Losing an All-Star is never easy. Rarely do you see a team lose it’s lone All-Star and remain a competitive team. I strongly believe that the Jazz can do it though, but it’s going to hinge on a few players making a jump in production.
I don’t know if Rudy Gobert can make another. He is already an elite rebounder and Defensive Player of the Year candidate. Last season he averaged 14 points per game, and with his offensive skill set, it’s difficult to see him raising that to anything more than 16 points. Maybe he gets one or two extra lobs at the rim with Rubio in the fold, but it’s hard to see it being much more than that.
The players most primed to take a leap in production this season are Derrick Favors and Rodney Hood.
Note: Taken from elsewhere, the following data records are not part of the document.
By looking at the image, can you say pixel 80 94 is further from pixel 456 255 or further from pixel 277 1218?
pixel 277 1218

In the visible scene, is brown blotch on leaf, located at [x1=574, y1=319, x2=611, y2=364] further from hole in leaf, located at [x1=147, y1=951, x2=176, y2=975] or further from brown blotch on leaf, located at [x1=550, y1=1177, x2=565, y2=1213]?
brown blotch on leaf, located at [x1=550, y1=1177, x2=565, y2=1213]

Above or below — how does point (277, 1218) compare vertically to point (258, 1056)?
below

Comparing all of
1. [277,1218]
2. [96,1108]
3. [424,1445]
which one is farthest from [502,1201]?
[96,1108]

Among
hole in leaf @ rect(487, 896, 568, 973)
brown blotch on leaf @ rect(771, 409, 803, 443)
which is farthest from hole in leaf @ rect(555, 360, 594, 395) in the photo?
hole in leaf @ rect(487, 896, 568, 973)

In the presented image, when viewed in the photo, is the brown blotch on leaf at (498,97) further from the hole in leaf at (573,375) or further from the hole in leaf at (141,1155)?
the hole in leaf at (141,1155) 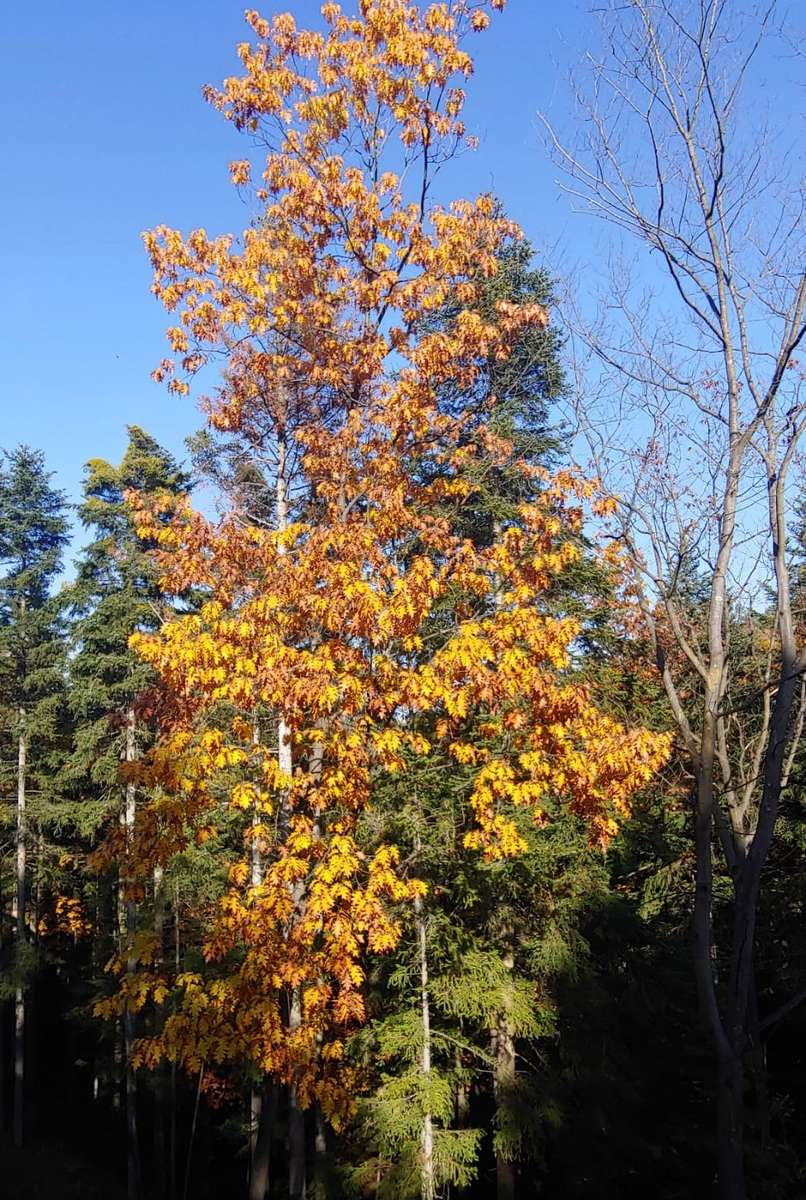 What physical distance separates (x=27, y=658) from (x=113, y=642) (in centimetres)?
409

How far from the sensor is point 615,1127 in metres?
11.1

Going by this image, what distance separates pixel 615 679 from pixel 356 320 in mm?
6409

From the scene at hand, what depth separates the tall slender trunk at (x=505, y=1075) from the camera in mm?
9820

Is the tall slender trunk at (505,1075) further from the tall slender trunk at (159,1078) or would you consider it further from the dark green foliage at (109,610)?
the dark green foliage at (109,610)

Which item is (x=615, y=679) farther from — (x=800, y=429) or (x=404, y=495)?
(x=800, y=429)

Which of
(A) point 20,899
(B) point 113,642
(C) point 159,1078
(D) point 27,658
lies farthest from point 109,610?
(C) point 159,1078

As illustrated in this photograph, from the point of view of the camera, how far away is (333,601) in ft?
21.0

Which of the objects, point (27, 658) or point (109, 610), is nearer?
point (109, 610)

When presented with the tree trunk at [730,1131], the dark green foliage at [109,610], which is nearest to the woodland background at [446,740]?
the tree trunk at [730,1131]

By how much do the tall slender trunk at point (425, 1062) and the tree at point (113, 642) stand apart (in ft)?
25.7

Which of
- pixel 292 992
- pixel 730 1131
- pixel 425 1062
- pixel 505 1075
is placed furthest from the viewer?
pixel 505 1075

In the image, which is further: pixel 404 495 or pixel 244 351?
pixel 244 351

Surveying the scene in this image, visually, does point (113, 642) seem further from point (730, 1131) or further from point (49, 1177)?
point (730, 1131)

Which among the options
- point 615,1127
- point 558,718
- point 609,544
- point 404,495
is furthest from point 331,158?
point 615,1127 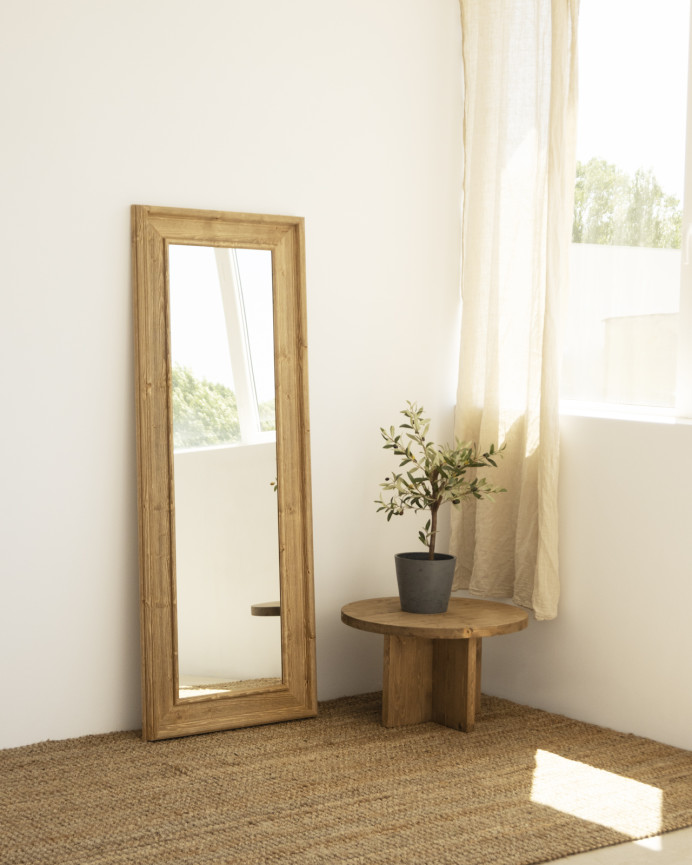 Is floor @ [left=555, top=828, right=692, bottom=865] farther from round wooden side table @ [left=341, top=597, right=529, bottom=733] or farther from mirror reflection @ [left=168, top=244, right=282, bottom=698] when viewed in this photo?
mirror reflection @ [left=168, top=244, right=282, bottom=698]

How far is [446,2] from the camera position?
377 centimetres

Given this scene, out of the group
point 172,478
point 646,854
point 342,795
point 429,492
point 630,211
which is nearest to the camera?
point 646,854

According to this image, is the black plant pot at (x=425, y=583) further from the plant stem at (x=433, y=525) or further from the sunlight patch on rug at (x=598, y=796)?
the sunlight patch on rug at (x=598, y=796)

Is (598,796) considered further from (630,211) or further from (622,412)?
(630,211)

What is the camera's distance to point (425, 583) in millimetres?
3359

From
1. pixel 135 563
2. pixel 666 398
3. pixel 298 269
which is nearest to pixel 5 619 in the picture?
pixel 135 563

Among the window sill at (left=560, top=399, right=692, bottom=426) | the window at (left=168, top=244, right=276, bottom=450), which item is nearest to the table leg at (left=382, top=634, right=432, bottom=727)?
the window at (left=168, top=244, right=276, bottom=450)

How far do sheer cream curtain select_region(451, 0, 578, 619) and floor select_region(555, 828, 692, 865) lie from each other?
99cm

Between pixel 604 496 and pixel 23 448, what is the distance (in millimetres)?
1771

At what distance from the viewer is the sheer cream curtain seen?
135 inches

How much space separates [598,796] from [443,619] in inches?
28.4

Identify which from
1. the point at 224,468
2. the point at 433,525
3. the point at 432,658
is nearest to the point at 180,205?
the point at 224,468

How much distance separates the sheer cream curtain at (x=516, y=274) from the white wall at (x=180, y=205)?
0.55ft

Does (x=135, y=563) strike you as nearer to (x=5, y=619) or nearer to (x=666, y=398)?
(x=5, y=619) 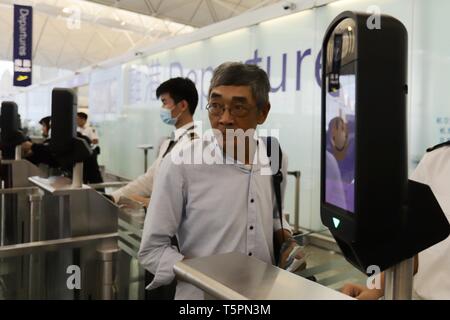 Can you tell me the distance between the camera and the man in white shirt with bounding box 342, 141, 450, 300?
1.38m

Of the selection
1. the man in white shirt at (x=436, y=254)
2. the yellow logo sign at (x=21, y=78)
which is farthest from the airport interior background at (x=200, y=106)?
the yellow logo sign at (x=21, y=78)

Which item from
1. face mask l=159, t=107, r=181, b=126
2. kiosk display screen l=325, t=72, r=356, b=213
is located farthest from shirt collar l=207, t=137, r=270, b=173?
face mask l=159, t=107, r=181, b=126

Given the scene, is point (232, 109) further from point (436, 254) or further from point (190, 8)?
point (190, 8)

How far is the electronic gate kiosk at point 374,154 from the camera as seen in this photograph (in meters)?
0.59

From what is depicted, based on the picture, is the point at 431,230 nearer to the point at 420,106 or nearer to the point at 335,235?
the point at 335,235

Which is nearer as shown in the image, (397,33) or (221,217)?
(397,33)

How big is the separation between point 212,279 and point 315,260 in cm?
427

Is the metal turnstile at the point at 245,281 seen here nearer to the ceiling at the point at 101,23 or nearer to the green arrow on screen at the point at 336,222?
the green arrow on screen at the point at 336,222

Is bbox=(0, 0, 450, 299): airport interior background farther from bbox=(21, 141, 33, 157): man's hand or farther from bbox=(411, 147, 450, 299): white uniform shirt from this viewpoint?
bbox=(21, 141, 33, 157): man's hand

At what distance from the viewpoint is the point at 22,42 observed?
927 cm

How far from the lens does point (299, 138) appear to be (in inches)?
221

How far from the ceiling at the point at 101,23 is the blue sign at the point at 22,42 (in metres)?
1.61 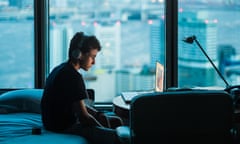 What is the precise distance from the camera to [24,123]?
11.2 feet

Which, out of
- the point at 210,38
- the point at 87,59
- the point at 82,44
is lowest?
the point at 87,59

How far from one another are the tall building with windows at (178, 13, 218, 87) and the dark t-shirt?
1.62 metres

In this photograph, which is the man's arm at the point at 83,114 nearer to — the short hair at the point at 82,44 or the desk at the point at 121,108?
the desk at the point at 121,108

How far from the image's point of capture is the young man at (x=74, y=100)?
298cm

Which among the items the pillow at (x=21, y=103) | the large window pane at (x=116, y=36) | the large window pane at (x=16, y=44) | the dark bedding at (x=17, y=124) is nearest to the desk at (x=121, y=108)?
the dark bedding at (x=17, y=124)

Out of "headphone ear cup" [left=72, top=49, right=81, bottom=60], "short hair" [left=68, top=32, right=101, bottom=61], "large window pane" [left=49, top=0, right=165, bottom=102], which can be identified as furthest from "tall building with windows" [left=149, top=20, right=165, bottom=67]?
"headphone ear cup" [left=72, top=49, right=81, bottom=60]

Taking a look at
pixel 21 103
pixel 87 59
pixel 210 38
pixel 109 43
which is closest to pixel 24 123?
pixel 21 103

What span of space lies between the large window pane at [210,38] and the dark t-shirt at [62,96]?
1630 mm

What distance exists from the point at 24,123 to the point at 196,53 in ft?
6.21

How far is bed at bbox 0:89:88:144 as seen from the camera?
9.68 ft

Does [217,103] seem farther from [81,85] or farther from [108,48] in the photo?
[108,48]

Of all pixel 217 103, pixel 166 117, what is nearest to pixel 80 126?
pixel 166 117

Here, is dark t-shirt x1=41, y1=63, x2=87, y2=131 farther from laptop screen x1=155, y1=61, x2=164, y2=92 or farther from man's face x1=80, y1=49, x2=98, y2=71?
laptop screen x1=155, y1=61, x2=164, y2=92

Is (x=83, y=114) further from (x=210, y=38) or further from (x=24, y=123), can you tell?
(x=210, y=38) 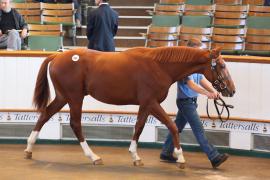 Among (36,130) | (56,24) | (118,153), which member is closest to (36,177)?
(36,130)

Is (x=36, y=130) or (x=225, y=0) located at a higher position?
(x=225, y=0)

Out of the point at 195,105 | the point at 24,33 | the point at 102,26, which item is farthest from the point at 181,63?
the point at 24,33

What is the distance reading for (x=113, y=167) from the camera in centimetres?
848

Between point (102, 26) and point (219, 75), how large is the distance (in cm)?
297

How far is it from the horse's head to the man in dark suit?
112 inches

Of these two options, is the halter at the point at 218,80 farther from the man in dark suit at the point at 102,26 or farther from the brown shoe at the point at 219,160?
the man in dark suit at the point at 102,26

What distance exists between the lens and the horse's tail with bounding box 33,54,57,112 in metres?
8.89

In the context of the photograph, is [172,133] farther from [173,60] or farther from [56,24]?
[56,24]

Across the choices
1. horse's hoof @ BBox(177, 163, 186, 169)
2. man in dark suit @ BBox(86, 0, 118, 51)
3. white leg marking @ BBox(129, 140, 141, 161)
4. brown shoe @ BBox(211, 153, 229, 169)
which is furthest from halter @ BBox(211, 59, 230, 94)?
man in dark suit @ BBox(86, 0, 118, 51)

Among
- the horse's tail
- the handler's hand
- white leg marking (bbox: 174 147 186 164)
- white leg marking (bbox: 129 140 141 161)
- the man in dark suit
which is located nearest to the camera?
white leg marking (bbox: 174 147 186 164)

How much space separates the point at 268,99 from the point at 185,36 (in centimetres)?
472

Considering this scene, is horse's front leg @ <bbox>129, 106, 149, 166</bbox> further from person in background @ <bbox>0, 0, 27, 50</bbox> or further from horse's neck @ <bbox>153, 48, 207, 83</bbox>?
person in background @ <bbox>0, 0, 27, 50</bbox>

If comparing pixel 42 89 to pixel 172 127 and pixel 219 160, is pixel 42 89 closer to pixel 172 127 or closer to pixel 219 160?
pixel 172 127

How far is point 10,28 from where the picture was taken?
12.2 m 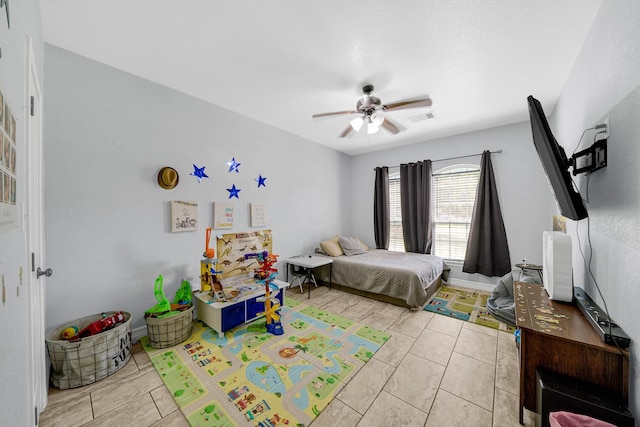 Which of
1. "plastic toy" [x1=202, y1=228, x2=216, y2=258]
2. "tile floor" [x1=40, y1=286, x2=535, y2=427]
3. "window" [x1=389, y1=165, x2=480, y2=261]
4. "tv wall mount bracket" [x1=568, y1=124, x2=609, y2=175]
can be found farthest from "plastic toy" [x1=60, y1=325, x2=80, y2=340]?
"window" [x1=389, y1=165, x2=480, y2=261]

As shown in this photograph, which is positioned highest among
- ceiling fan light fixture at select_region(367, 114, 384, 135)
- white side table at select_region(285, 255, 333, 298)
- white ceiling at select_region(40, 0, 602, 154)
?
white ceiling at select_region(40, 0, 602, 154)

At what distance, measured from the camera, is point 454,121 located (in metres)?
3.43

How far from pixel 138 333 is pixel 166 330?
0.43 meters

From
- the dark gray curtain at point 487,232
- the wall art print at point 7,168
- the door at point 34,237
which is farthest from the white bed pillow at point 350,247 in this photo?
the wall art print at point 7,168

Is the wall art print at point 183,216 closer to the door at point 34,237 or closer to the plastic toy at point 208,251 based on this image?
the plastic toy at point 208,251

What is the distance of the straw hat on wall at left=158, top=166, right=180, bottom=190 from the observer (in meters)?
2.43

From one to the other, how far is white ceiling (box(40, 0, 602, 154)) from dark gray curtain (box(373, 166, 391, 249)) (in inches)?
80.2

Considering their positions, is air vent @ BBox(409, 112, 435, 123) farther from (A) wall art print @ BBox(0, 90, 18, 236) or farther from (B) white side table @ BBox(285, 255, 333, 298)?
(A) wall art print @ BBox(0, 90, 18, 236)

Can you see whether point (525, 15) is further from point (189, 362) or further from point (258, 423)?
point (189, 362)

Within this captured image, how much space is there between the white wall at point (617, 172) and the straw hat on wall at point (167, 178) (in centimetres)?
324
Derrick Favors was primed to break out during the 2016-17 season. He was coming off two consecutive years of averaging 16 points, 8 rebounds and 1.5 blocks per game. Jazz fans were ready for him to take the leap, but injuries led to inconsistent play and less minutes. He only averaged 9.5 points, 6 rebounds and under a block a game.
In an interview with the Salt Lake Tribune, Dennis Lindsey addressed what they need from Derrick Favors heading into next season, and how he was never truly 100 percent last season.
"“We challenged him to get even leaner so he can reduce the stress on the joints, and he did that. Last summer when he was hit in the knee, it basically took all season.”"
I wrote a couple weeks ago that if Favors can simply get back to his 2015 production, the Jazz will benefit greatly.
No one on the Jazz roster is going to benefit from Gordon Hayward’s departure more than Rodney Hood.
Heading into a contract year, he is going to be able to take advantage of roughly five extra shot attempts per game. Last season he averaged 12.7 points per game on 11 field goal attempts per game.
Largely due to injuries, he struggled with his shooting consistency, making only 40 percent of his shots. If healthy next season, it is not improbable to envision him upping his overall field goal percentage to 45 percent, getting to 38 percent from three, and finishing the season averaging 18 points per game.
Hood has always seemed a bit reluctant to take over and to be more aggressive on offense. With Hayward gone, the Jazz need him to be more aggressive and to take over the role as the go to guy on the offensive end.
Honorable mentions for this section were Dante Exum and a healthy Alec Burks. In a perfect world, they all maximize their potential and have breakout seasons, but a revitalized Favors and a healthy Hood would most help the Jazz remain in the playoff picture.